I felt sorry for myself for about a day, and then I decided, "it's not what happens to you that determines your life, it's how you react to what happens, that makes your life."

I had no job, and London is not the cheapest place to live without income. I calculated that I had about six weeks worth of savings before I would either need an emergency job, or a flight back to Australia. So I applied for jobs and ended up snagging the Contiki Tour Manager position, just in time.

While travelling Europe and getting paid to do it, I met my future wife and ended up chasing her to Canada.

So, in a span that totals only thirty months I sold my apartment, quit my job, left Australia, travelled in Lithuania and Germany, moved to London, worked in a Marketing job, lost a Marketing job, wrote the first draft of a book (that still needs heavy editing and re-writing), worked as a Tour Manager, travelled western Europe for eight months, met the woman of my dreams, travelled some of eastern Europe, travelled parts of Canada (Ontario, Quebec, BC and Alberta), travelled Australia and New Zealand for three months, moved to Calgary, got a job and got married. Two months after that we bought the home we currently live in.

Even since that period of extreme change, I can show a series of significant changes that have occurred in my life. My point is not just to discuss the experiences of my life, but to make a highlight two things.

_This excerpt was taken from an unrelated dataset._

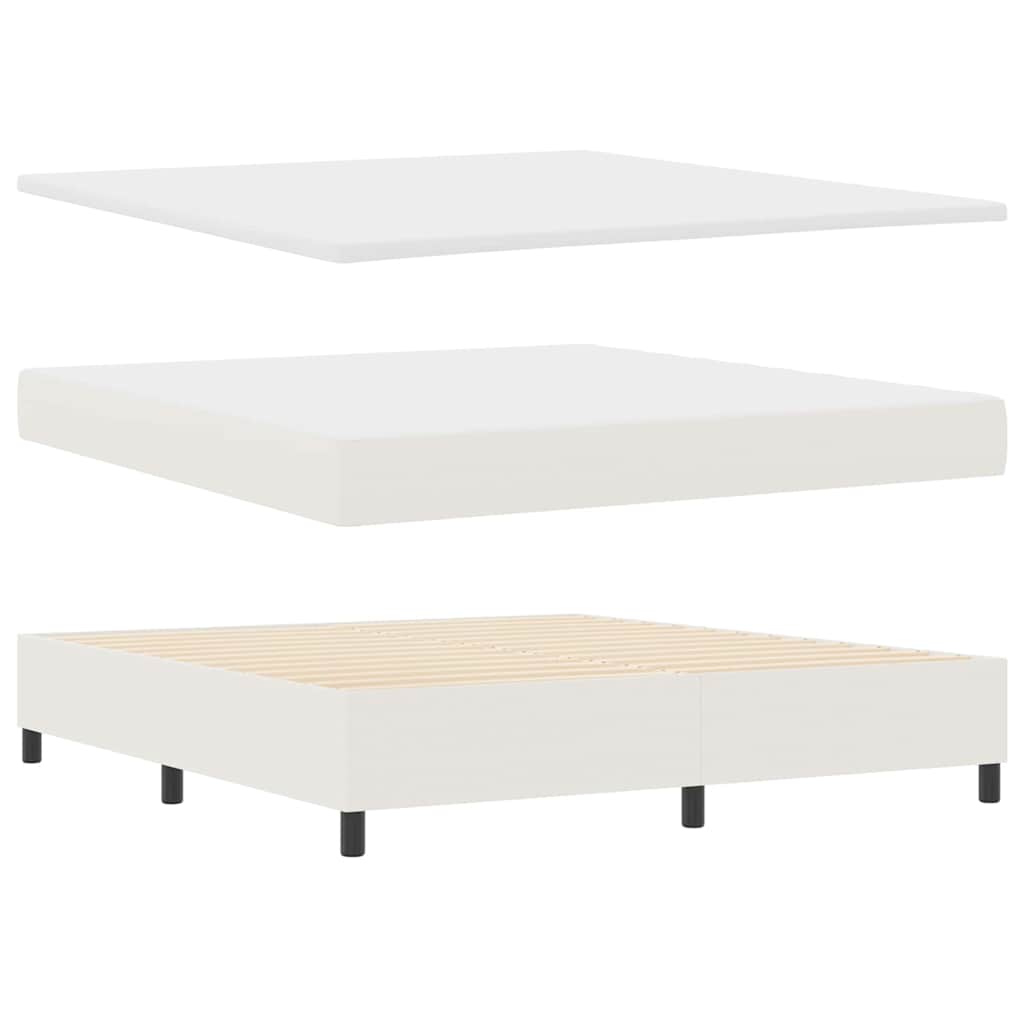 Letto a molle Crema e Bianco 180 x 200 cm Tessuto in Cords | homemem39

If you had told me when I started dating N., the bad girlfriend, that in three years I would be happily married to a Canadian and living and working there, I would have told you to have another drink and give up the drugs. It would have seemed like such a distant and remote possibility in such a short period of time that it couldn't happen, especially to me, Mr Consistency.

So anything in life is possible!

The other point is that it takes me to look back on that part of my life, and indeed my whole life to see that it has been a massive time of growth, change and an evolution of my soul. But it doesn't seem that way, because it has happened one day at a time. If you look at a clock and watch the hour hand move it's very, very gradual. It takes twelve hours to make one lap of the clock, and it seems like it doesn't move at all. But if you break it down into minutes or seconds, and watch those hands you can see that it is moving, actually quite quickly.

The same is with life. We live each day and notice very little change, because we focus on the days and weeks that go by, and not much usually changes in a day or week. But take a step back and look at the years and see that life does evolve quite dramatically.

So think, that getting from where you are now, to where you will be in a few years can be a lot more exciting and different than you can imagine, if you're prepared to take the risks that will get you there.

Taking the risk to quit my Australian life and board a plane to Europe took me on a different path. Sometimes it's less extreme than that and may be just meeting a person, who motivates you to change.

Whatever it is, the future is a great big open field of opportunity.